To T. H. Huxley   18 January 1879

Down, | Beckenham, Kent. | Railway Station | Orpington. S.E.R.

Jan 18th 1879

My dear Huxley

I have just finished your present of the life of Hume, & must thank you for the great pleasure which it has given me.—1 Your discussions are, as it seems to me, clear to a quite marvellous degree, & many of the little interspersed flashes of wit are delightful. I particularly enjoyed the pithy judgment in about 5 words on Comte.—2 Notwithstanding the clearness of every sentence, the subjects are in part so difficult, that I found them stiff reading. I fear, therefore, that it will be too stiff for the general public; but I heartily hope that this will prove to be a mistake, & in this case the intelligence of the public will be greatly exalted in my eyes.

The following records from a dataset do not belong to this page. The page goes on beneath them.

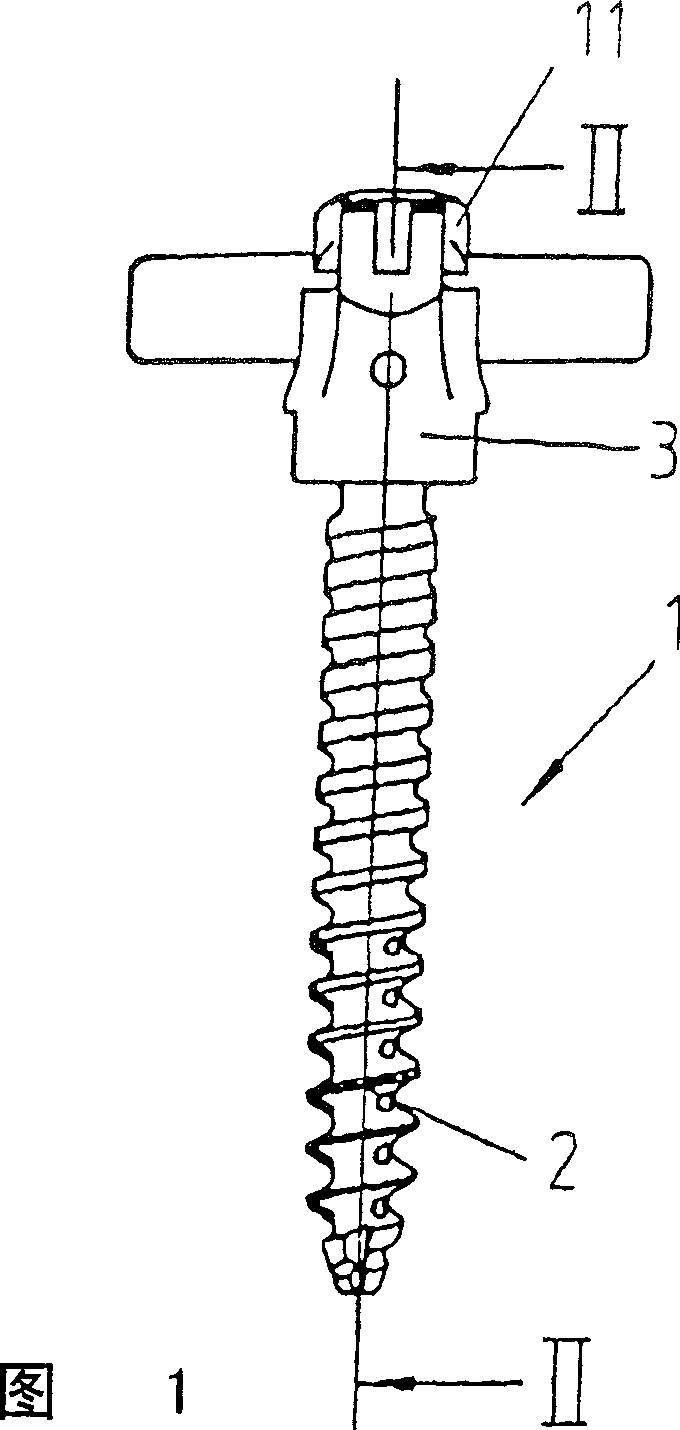 Embedded screw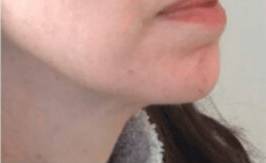 Dermal filler treatment patient photo, side profile view of the face — Dr. Rudderman, Atlanta.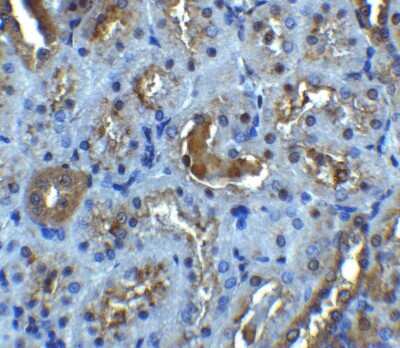 Immunohistochemistry: IL-22R alpha 1 Antibody [NBP1-76724] - Staining of rat kidney tissue with antibody at 5 ug/mL.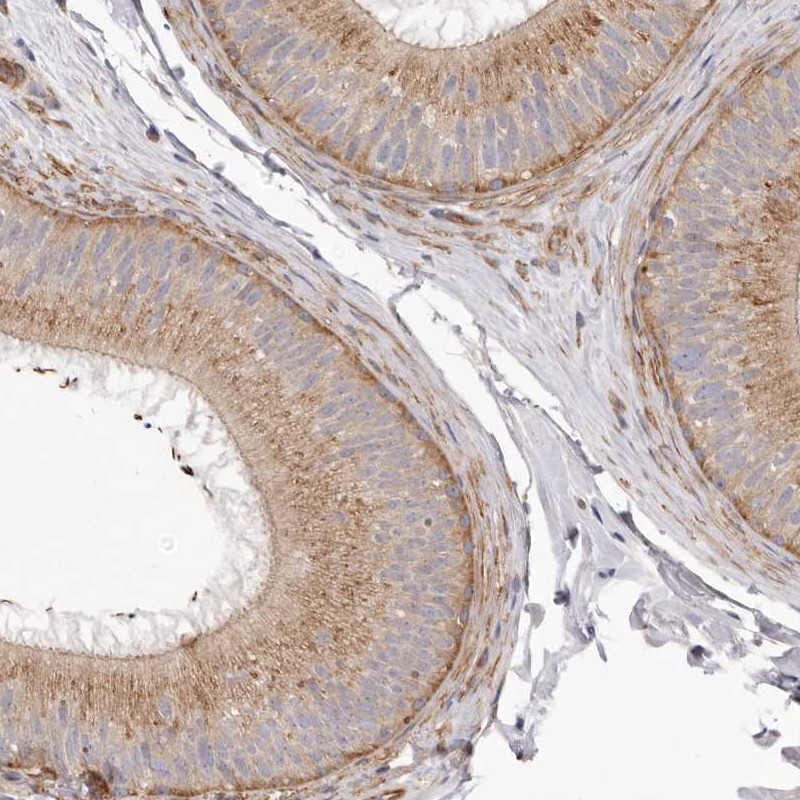 Anti-VPS45 Antibody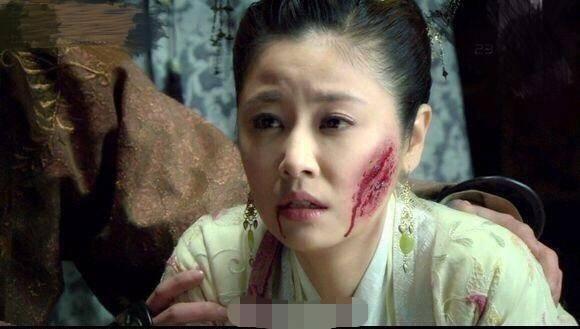 中国电视剧里的毁容vs泰国电视剧的毁容,原谅我笑出了声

The writing of this book must have been awfully hard work, I should think.

My dear Huxley | Ever yours | Ch. Darwin

George has paid a visit to Mr Rich & liked the old gentleman much. They talked incessantly for about 24 hours— Mr R. seems to have enjoyed your visit hugely.—3

Footnotes

CD’s copy of Huxley’s biography and discussion of the philosophy of David Hume is in the Darwin Library–Down (T. H. Huxley 1879).
In T. H. Huxley 1879, Huxley had written that positivists (followers of Auguste Comte) believed that observation of the mind was inherently impossible, and that psychology was ‘a phantasm generated by the fermentation of the dregs of theology’. He added:

if M. Comte had been asked what he meant by “physiologie cérébrale,” except that which other people call “psychology;” and how he knew anything about the functions of the brain, except by that very “observation intérieure,” which he declares to be an absurdity—it seems probable that he would have found it hard to escape the admission, that, in vilipending psychology, he had been propounding solemn nonsense.

For some of George Howard Darwin’s comments on his visit on 8 and 9 January to Anthony Rich, who had decided to leave his property to CD, see the letter to W. E. Darwin, 10 January [1879], n. 2. Huxley had visited Rich at the end of December 1878 (Correspondence vol. 26, letter from T. H. Huxley, 28 December 1878).

Bibliography

Huxley, Thomas Henry. 1879. Hume. London: Macmillan and Co.

Summary

Has read Hume with great pleasure, but found parts very stiff reading.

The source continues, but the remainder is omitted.